上写真=左から森保一監督、杉山隆一さん、富沢清司さん、釜本邦茂さん、鎌田光夫さん、山口芳忠さん、鈴木良三さん、松本育夫さん、横山謙三さん、片山洋さん(写真◎近藤俊哉)

 10月21日、都内のホテルで銅メダルを獲得した1968年のメキシコ・オリンピックから50周年を記念するパーティーが開催された。会には世界を驚かせたメキシコ五輪の銅メダリスト9名が出席。日本サッカー史に残る偉業をあらためて振り返り、その功績をたたえるとともに2年後に迫った東京五輪に向けて、東京五輪代表の森保一監督にエールを送った。

メキシコ五輪の銅メダルが支えだった

 この日のパーティーにはメキシコ五輪のメンバー18人のうち、すでに鬼籍に入られた8名と欠席した小城得達さんを除く、9名が顔をそろえた。
 杉山隆一さん、富沢清司さん、釜本邦茂さん、鎌田光夫さん、山口芳忠さん、鈴木良三さん、松本育夫さん、横山謙三さん、片山洋さん。
 日本サッカー界のレジェンドが会する今回のパーティーには約300名が出席。乾杯の挨拶に立った日本サッカー協会の田嶋幸三会長は、「メキシコ五輪で銅メダルを獲得され、サッカーが本当に沸き上がって、私もサッカーをしたいと思いました」と自身のサッカーの関わりを生んでくれたこと、「70年代、80年代と日本が少し落ち込んでいるとき、そして90年代になってJリーグが発足し世界に追い付こうと目指すときに、『メキシコ五輪では世界3位になったんだ』と、できないはずはないじゃないかと常に思いながらやってきました」とメキシコ五輪の金字塔が発展の支えになったこと、そして「フェアプレー賞を取ってくださったことに感謝しています。ロシアW杯で(グループステージの)最後にセネガルと決勝トーナメントに進めるのはどちらだと争ったとき、決め手になったのはフェアプレーポイントでした。われわれはその文化というのは、メキシコ五輪から始まり、脈々を引き継いできたものです」と語り、偉業に敬意を表した。

 また、この日の祝賀パーティーには『アステカの奇跡から東京へ』というタイトルが付けられていた。それは2年後に迫った自国開催の五輪に向けて、レジェンドたちがエールを送るという意図からだった。

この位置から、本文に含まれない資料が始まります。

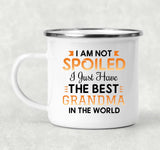 I Am Not Spoiled I Just Have The Best Grandma In The World - 12oz Camping Mug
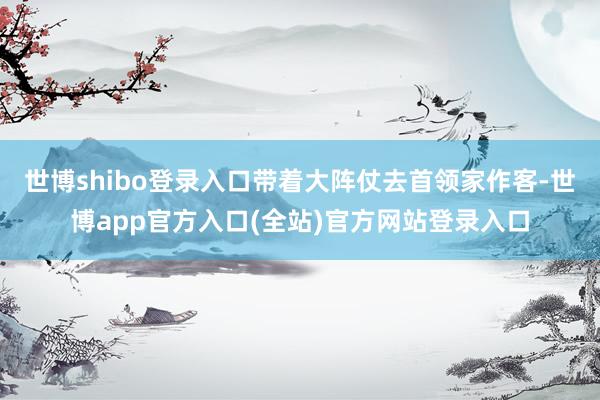 世博shibo登录入口带着大阵仗去首领家作客-世博app官方入口(全站)官方网站登录入口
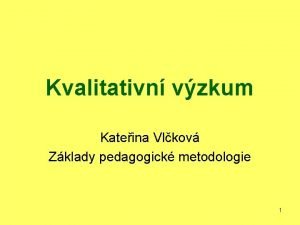 Kvalitativn vzkum Kateina Vlkov Zklady pedagogick metodologie 1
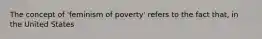 The concept of 'feminism of poverty' refers to the fact that, in the United States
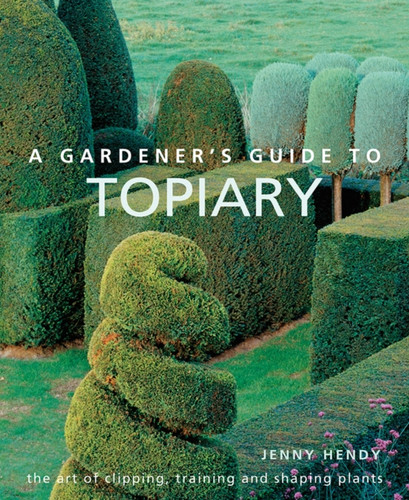 A Gardener'S Guide To Topiary: The Art Of Clipping, Training And Shaping Plants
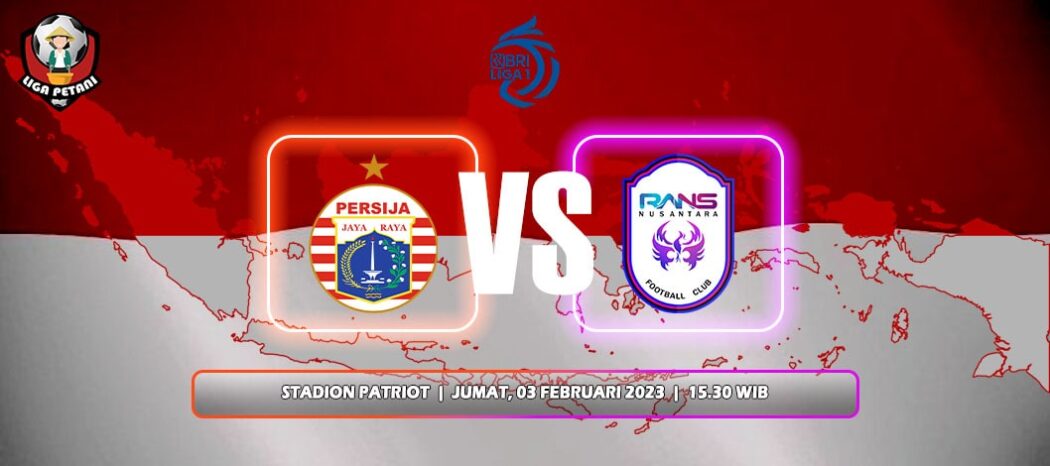 Prediksi Persija Jakarta Vs RANS Nusantara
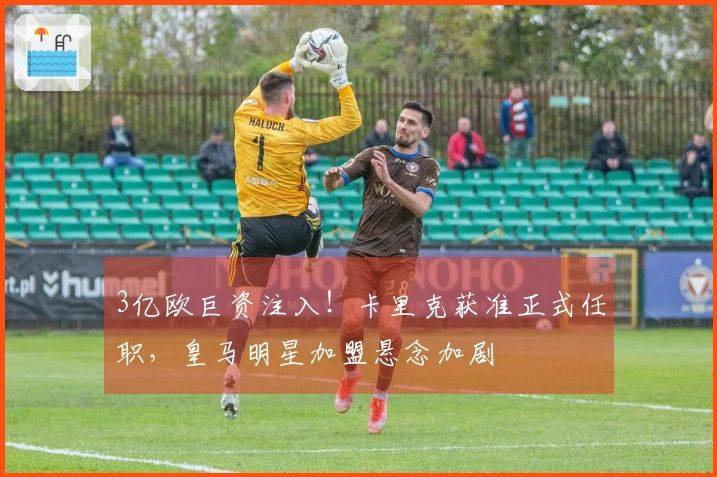 3亿欧巨资注入！卡里克获准正式任职，皇马明星加盟悬念加剧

 出席した銅メダリストを代表して挨拶に立った釜本邦茂さんは語った。
 
「50年間という間、ここにおられる先輩の皆さんがそれぞれのところでサッカーの発展に尽くしてこられたと思います。私は今でも子どもたちと一緒にボールを蹴ることもあるわけですけども、これはある意味では、天命だと思っております
 私が現役を離れてヤンマーの監督をしたあと、これから一体、何をしたらいいかと。諸先輩方は会社で仕事をされていた。私も当時、ヤンマーの人事課長でございました。私もしっかり仕事をして、将来、重役にでもなろうかなと、こういうふうに思ったこともあったわけです(笑)。
 しかし、岡野俊一郎さんのところに行って、何がこれからやらなければいけないのか、とお聞きしましたら、サッカーを強くするには3つあると。その一つは普及。二つ目は強化。そして3つ目は財政だと。この3つは日本サッカー協会の指導の下で着々といま行なわれております。その一端、普及ということを私は全国を回ってやろうと思いました。もう40年近く前のことです。今も、自分がグラウンドに立てる間はやりたいと思っております。これからもみなさんのご支援をたまわりまして、やっていければなと。
 そして、日本のサッカーも、2005年宣言にあるように、W杯の決勝の舞台に立てるように頑張っていただきたい。ロシアのW杯が終わって、いよいよ新しい体制のもとで、森保監督が率いて、これから2年後の東京五輪、それからまた4年後のカタールW杯へ、突き進んでいかれる。その森保監督が来ていますので、皆さま方にご紹介申し上げます。では決意表明をお願いします」

 レジェンドの紹介で壇上に上がった森保監督は、きっぱり宣言した。「メキシコ五輪から50周年のパーティーを開催されること、誠におめでとうございます。あらためて、サッカーに携わる者として、ここにおられるメキシコ五輪で銅メダルを獲得された皆様、そしてそこに携わってこられた方々の成功に敬意を表し、尊敬の念をお伝えできればと思います。皆さんを日本のサッカー界に、貢献いただき、ありがとうございます。
 そして、ここで私が感じたこと、それはメキシコ五輪から50周年ということですが、日本サッカーは長い歴史があるということ、その歴史の中でサッカーを支援・応援して下さる方が歴史をつないでくださったから、いまのわれわれの活動があるということです。そのことを非常に強く感じております。
 いま、サッカーはプロ化が進み、Jリーグで素晴らしい環境のもとでサッカーができます。そして日本代表も諸先輩方が尽力してくださって、歴史をつないでくださって、いまの素晴らしい活動ができる。その環境があることに感謝の気持ちをもってやっていきたいと思います。
 先ほども言いましたが、A代表と五輪の監督をさせていただいております。その中で、日本のサッカーの発展を、これからもつないでいけるように頑張っていきたいと思っております。メキシコ五輪で銅メダルを取られた方々、諸先輩方の成功のヒントを今日、いただいて、これから東京五輪に向けて頑張ってまいります。
 東京五輪ではみなさんが期待していただいている、金メダルを獲得しようと思って、いま頑張っています。みなさんが見守っておられる日本のサッカーを、これからも発展させることができるように頑張ってまいりたいと思いますので、今後ともご支援、応援のほど、よろしくお願いします」

 レジェンドから確かに受け継がれたバトン。その重みを感じながらも、森保監督は「金メダル獲得」という決意を示した。2年後、メキシコ五輪で刻んだ記録を上書きされることを、レジェンドたちも強く願っていた。